Latest update February 18th, 2025 1:40 PM
Aug 15, 2016 Features / Columnists, Peeping Tom
The ‘forensic’ audits were launched by the government, at selective agencies, with the intention of uncovering fraud and corruption. It was intended, no matter what other explanations were given, to prove that the former administration used those agencies to steal a great deal of money.
In the eyes of the public the ‘forensic’ audits were intended to prove a political point that the now government, when it was in opposition was making: that the PPP turned Guyana into the corruption headquarters of the West Indies.
The ‘forensic’ audits have not established that case. Nothing to near the degree of fraud that was being claimed has been found. There have been a few cases found, here and there, but nothing to get excited about.
‘Forensic’ audits distinguish themselves from other audits by not only identifying the commission of a fraud. They also implicate those accused, trace the money and are able, in many instances, to lead to recovery.
The public is interested in knowing which law was broken and who was involved in the theft of government resources.
The public is interested in knowing who stole, how much was stolen and where is the money that was stolen. They are not that keen on opinions about what should have been done by management and how many millions would have been saved by fixing minor defects.
Financial management, like economics, is often about allocating scarce resources to multiple demands. Managers have to forego doing certain things which would cost more in the long term simply because there were other priorities. It is not for accountants to deliberate on those decisions. It is for management audits to do this.
Management audits are different from accounting audits. Management audits usually are undertaken from within organizations to ensure that agreed on managerial policies are in accordance with what was agreed upon by the organization.
Two weaknesses have been identified about the forensic audits. The first has been the expressions of opinions on managerial decisions. This weakness has been increased by the second one: the failure in many instances to grant to the agencies being audited the right to a respose to the preliminary findings of the audits and to record these within the final reports.
Forensic audits should not get involved in questioning managerial decisions, except where fraud and theft are involved. The decision of a management to do X rather than Y is one that is for management to determine. If management decides, for example, to buy a new vehicle instead of repairing an old one, there may have been good reason for this.
Once it does not involve corruption and fraud it is not for accounting auditors to question this. They may call attention to the fact that there was excessive spending on new purchases but it is not for them to express an opinion that this was a bad decision as long as there is no theft or corruption involved.

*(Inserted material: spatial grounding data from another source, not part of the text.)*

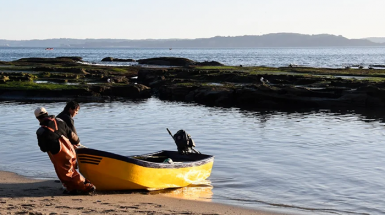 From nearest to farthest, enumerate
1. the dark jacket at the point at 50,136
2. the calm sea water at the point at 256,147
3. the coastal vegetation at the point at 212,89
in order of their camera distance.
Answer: the dark jacket at the point at 50,136 < the calm sea water at the point at 256,147 < the coastal vegetation at the point at 212,89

The principal function of the accounting auditor is to pronounce on the health of the accounts of a company to determine whether these reflect the true state of the organization. It is not for them to determine that if management had done this and done that millions would have been saved. This is not their role and they are expressing an opinion on a managerial decision which has often not benefitted from knowing the reasons why the agency being audited made that decision.
The expressions on opinions of managerial decisions should be left for others, not auditors. The Stabroek News, for example, is up in arms over the decision of the government to relocate the Walter Roth Museum of Anthropology.

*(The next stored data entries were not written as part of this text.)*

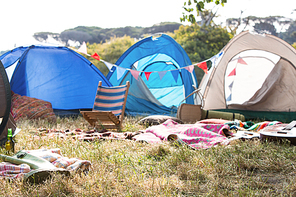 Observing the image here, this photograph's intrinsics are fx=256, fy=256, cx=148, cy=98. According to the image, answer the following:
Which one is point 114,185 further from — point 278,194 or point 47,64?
point 47,64

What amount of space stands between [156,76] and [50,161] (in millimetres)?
5581

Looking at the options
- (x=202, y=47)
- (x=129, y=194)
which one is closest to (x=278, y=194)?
(x=129, y=194)

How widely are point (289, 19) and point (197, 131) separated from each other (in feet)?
122

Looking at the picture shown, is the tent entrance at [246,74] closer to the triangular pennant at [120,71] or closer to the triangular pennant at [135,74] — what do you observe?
the triangular pennant at [135,74]

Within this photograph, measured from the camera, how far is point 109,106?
15.1 feet

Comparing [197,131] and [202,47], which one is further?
[202,47]

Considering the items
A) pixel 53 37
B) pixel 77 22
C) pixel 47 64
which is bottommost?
pixel 47 64

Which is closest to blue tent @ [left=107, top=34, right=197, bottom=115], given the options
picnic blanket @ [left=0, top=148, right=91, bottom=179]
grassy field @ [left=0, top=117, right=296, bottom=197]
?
grassy field @ [left=0, top=117, right=296, bottom=197]

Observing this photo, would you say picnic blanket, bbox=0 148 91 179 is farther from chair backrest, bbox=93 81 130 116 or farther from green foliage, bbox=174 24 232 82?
green foliage, bbox=174 24 232 82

The Stabroek News is within its right to question this decision but not for an auditor. This is a political decision which has been made and it is not for accounting auditors to question that, even though it has financial implications.
The decision will cost the government millions. It will upset a lot of people and may not even be the best option for the government. But this is an opinion and it is not for auditors to question that opinion because it is not their jurisdiction.
The government would have had its reasons. Unless, the auditors asked, they cannot know what influenced that choice and since it is not within their jurisdiction to ask, it is always best that accountants stay clear to questioning the wisdom of managerial decisions. They may assume that a decision will result in misallocation of funds but perhaps there was a larger social objective involved. Perhaps, also, the decision makers did not have all the facts at hand.
Many corporations have made bad choices. One company in Guyana made major investments, all of which did not yield financial returns. Those decisions were questioned on the grounds that the management ought to have predicted those losses. But as it turned out, the decision was not one about making money. It was about positioning the company within the market.
An auditor would not be privileged to know that fact. The forensic auditors should stay clear of deciding on the rightness of managerial decisions and what could have been saved if this and that were done.
Public entities are not always about maximizing profits. They are principally about delivering a service and sometimes in delivering that service decisions have to be made that are not about financial efficiency.